__Data below__:
-- Opening Marker --
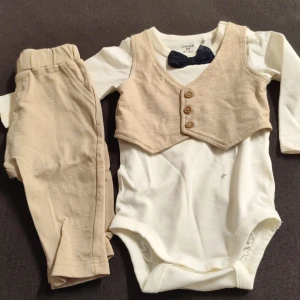 Söt babykostym med väst och fluga Lindex - Supersöt babykostym från Lindex i storlek 62. Setet består av en cremevit långärmad body med fastsydd beige väst med knappar och en mörkblå fluga. Tillhörande byxor i matchande beige färg. Perfekt för speciella tillfällen!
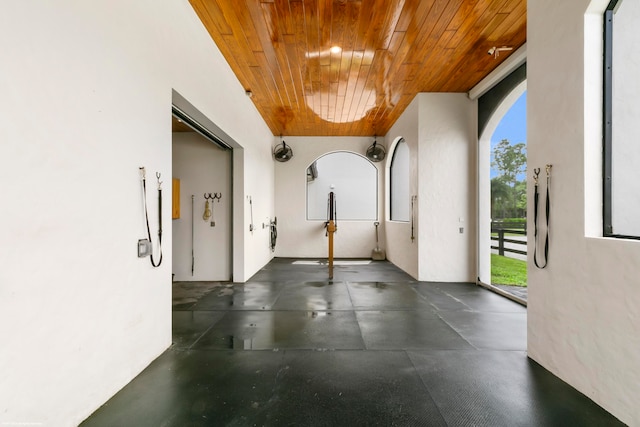 hall featuring wooden ceiling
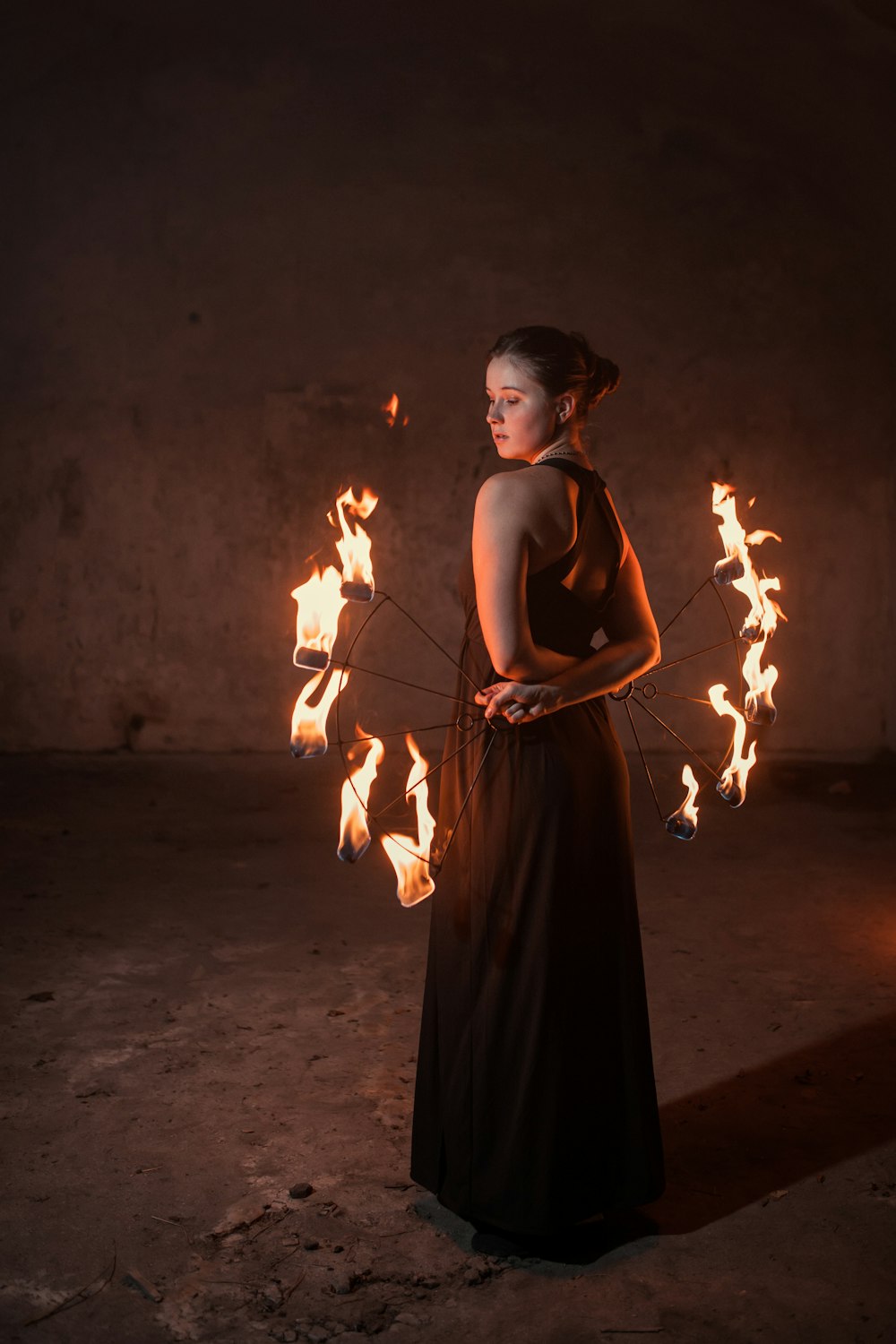 Mujer en vestido negro de tirantes finos sosteniendo fuego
-- Closing Marker --
__What needs to be done__: Nothing should appear in the answer except the lines from the first line of the data through the line holding "hall featuring wooden ceiling", exactly as written, with pictures left out.

__Written reply__:
 Söt babykostym med väst och fluga Lindex - Supersöt babykostym från Lindex i storlek 62. Setet består av en cremevit långärmad body med fastsydd beige väst med knappar och en mörkblå fluga. Tillhörande byxor i matchande beige färg. Perfekt för speciella tillfällen!
 hall featuring wooden ceiling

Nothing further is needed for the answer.